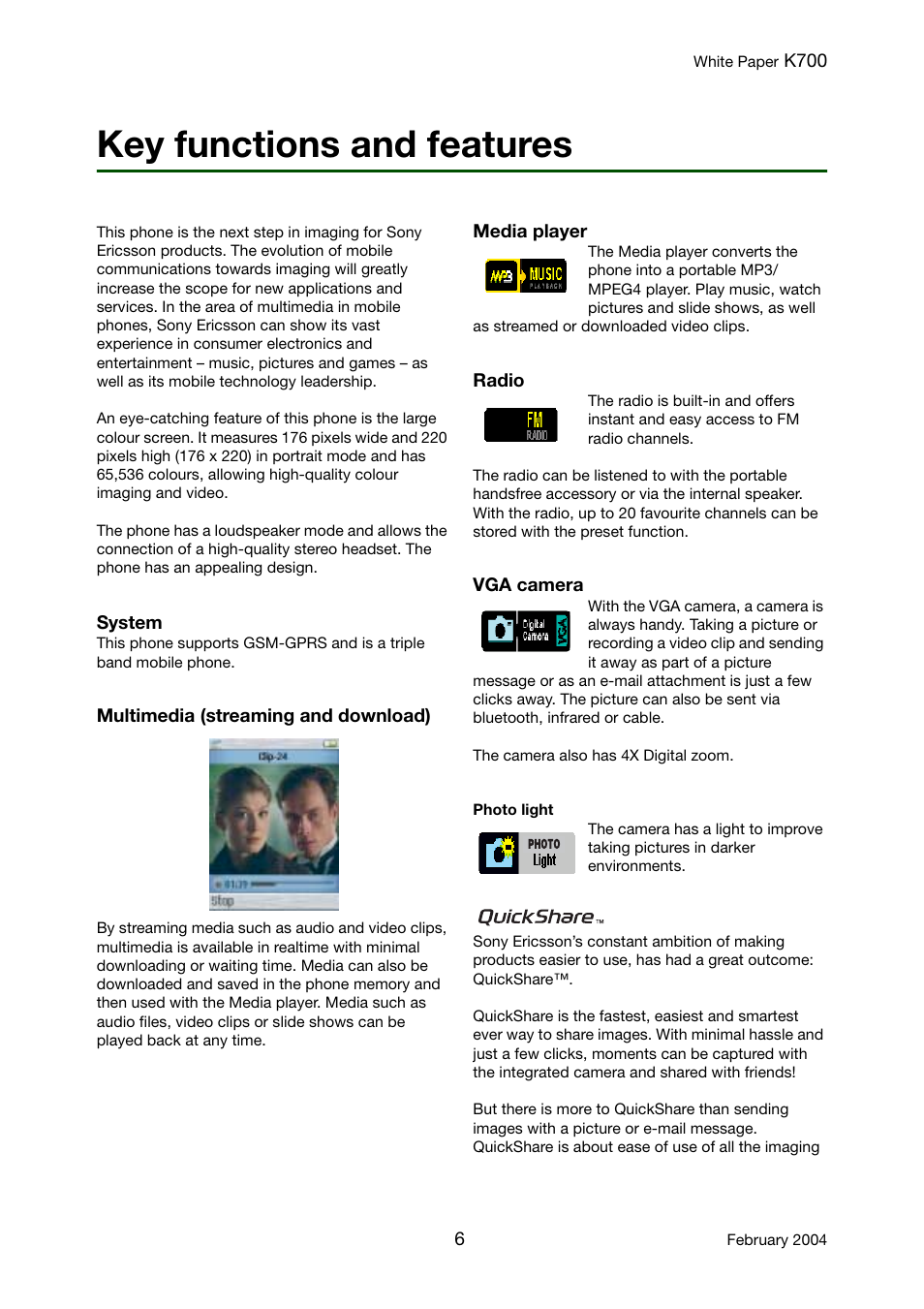 Key functions and features | Sony Ericsson K700 User Manual | Page 6 / 62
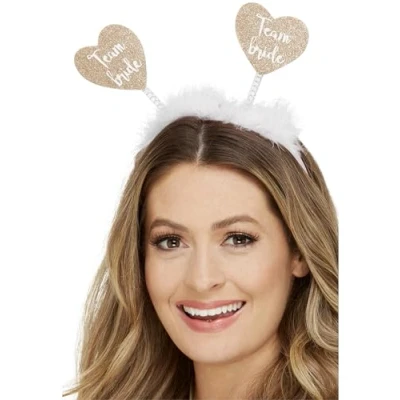 Afbeelding van Smiffys Diadeem/tiara Team Bride wit/goud polyester 25 x cm vrijgezellenfeest Verkleedhoofddeksels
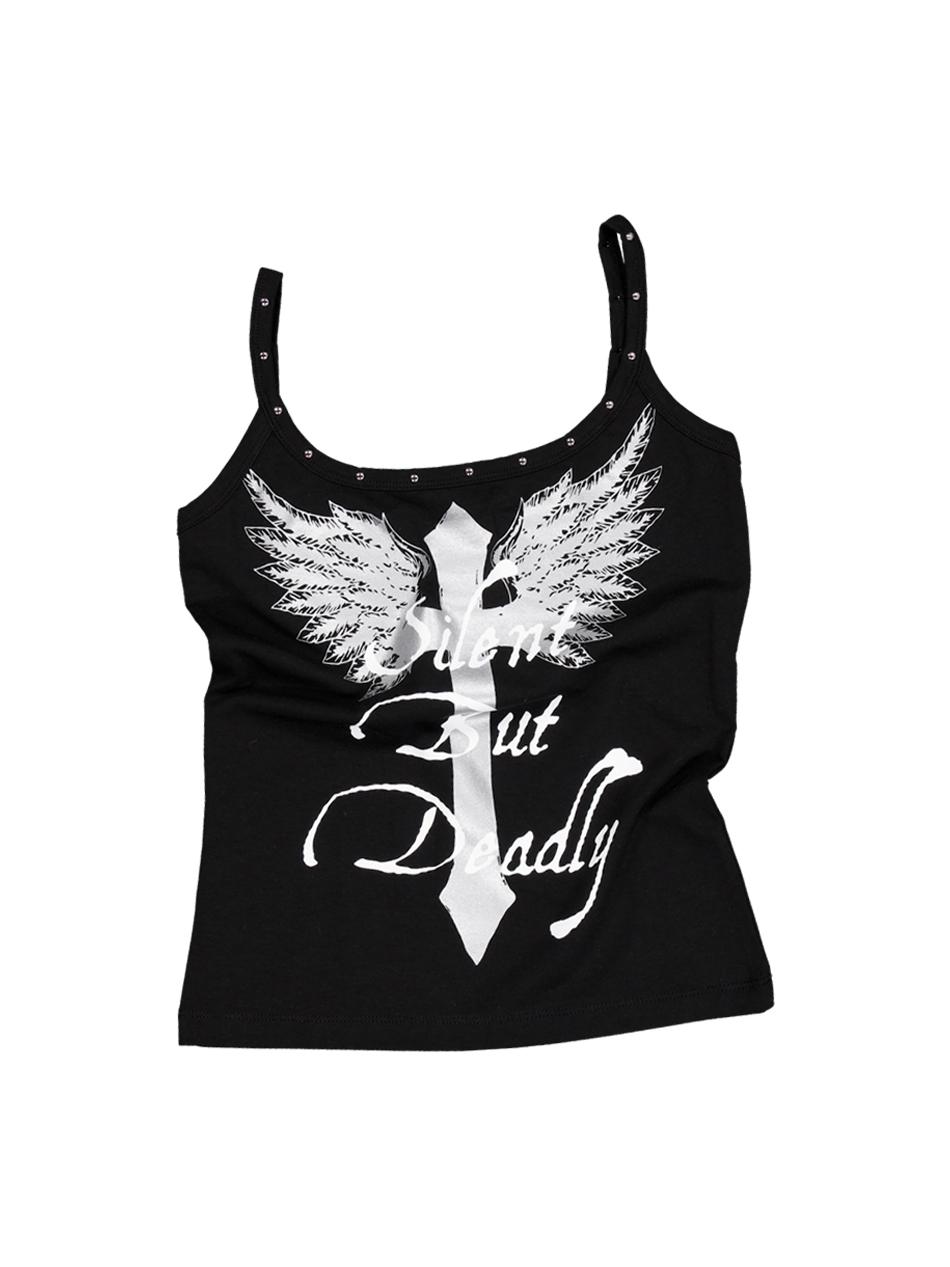 CROSS STUDDED SLEEVELESS / BLACK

About this task ->
In your copy of the listing, please omit the pictures and keep every word exact.

Answer space ->
 Key functions and features | Sony Ericsson K700 User Manual | Page 6 / 62
 Afbeelding van Smiffys Diadeem/tiara Team Bride wit/goud polyester 25 x cm vrijgezellenfeest Verkleedhoofddeksels
 CROSS STUDDED SLEEVELESS / BLACK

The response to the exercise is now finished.